Is there anything that you’ve learned so far as a professor on how to build a good lab environment and lab community?
I think it's important to remember the social aspect of the lab environment, which of course is a real challenge in these Covid-19 times. I make sure that there's at least one conference every year where everybody in the research group goes, even if it's not necessarily the best conference for their topic. We tend to create a group identity when we go to say a TMS conference or an ASME conference. When our whole group is there we bond differently in that environment than we do day-to-day in the lab. We also try to have at least three or four social events for the group each semester. Some of our in situ x-ray and neutron experiments we conduct happen at national labs on their equipment and the experiments run for 24 hours a day, five or six days in a row, so we usually need five or six people to staff it and support it, so we send a group of people.
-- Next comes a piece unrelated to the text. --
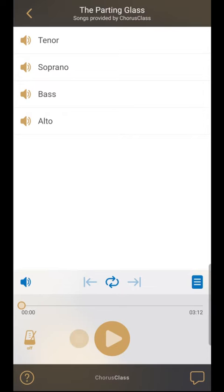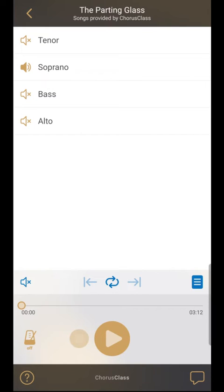Let's set the song up for rehearsal. Start by muting all tracks but the one correlating to your part. This will make the app play your part isolated, so you can rehearse easier.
In general I would say our group tends to be a pretty collaborative group and social group. If someone wants to just come and crank out calculations and go home every day it’s probably not a great group for them. I think there's a heavy emphasis in my group on networking and social and professional development just as much as there is on learning the basics and being able to do research and that tends to be our environment.

What's the biggest challenge in being a new professor on campus?
Covid-19 is creating its own set of challenges but I would say the biggest challenge would be getting that first grant in. As a brand new professor at Mines, I got a verbal notification of my first grant but then it took 20 months to get through the contract process, so it ended up stringing out a year and a half almost. In fact my second grant came before the first contractually. I think in this stage of my career that's not as big of a concern, these things are more rolling, but I would say the finances are always stressful and people depend on you for paychecks and paying for their education, so getting that going and in order, getting a good base set up again, was probably one of the biggest inhibitors to moving. There's a nice financial base still sitting at Colorado School of Mines for the students that are still there but getting that going again at Georgia Tech will be a big part of my focus the first year and one of the more nerve-wracking things to set up. Otherwise just learning the ropes – I got very comfortable after spending seven years in at one institution and now, even though I came from one engineering school to another engineering school, I’m still finding a lot of things are different and its harder this time than the first time. I knew I didn’t know a lot the first time, so I asked about everything. Now I think I know how to do everything because I’ve been doing it for seven years and I find out I didn't ask the right person or do it the right way, so I need to step back and admit I don’t know anything again and that's maybe one of the harder things.

What do you like to do when you’re away from work?
I like working on my house and renovating or refinishing furniture. I also enjoy spending time with my kids, which is what I mostly do, and the things that they’re into. Fly fishing is something else I tend to do when I can.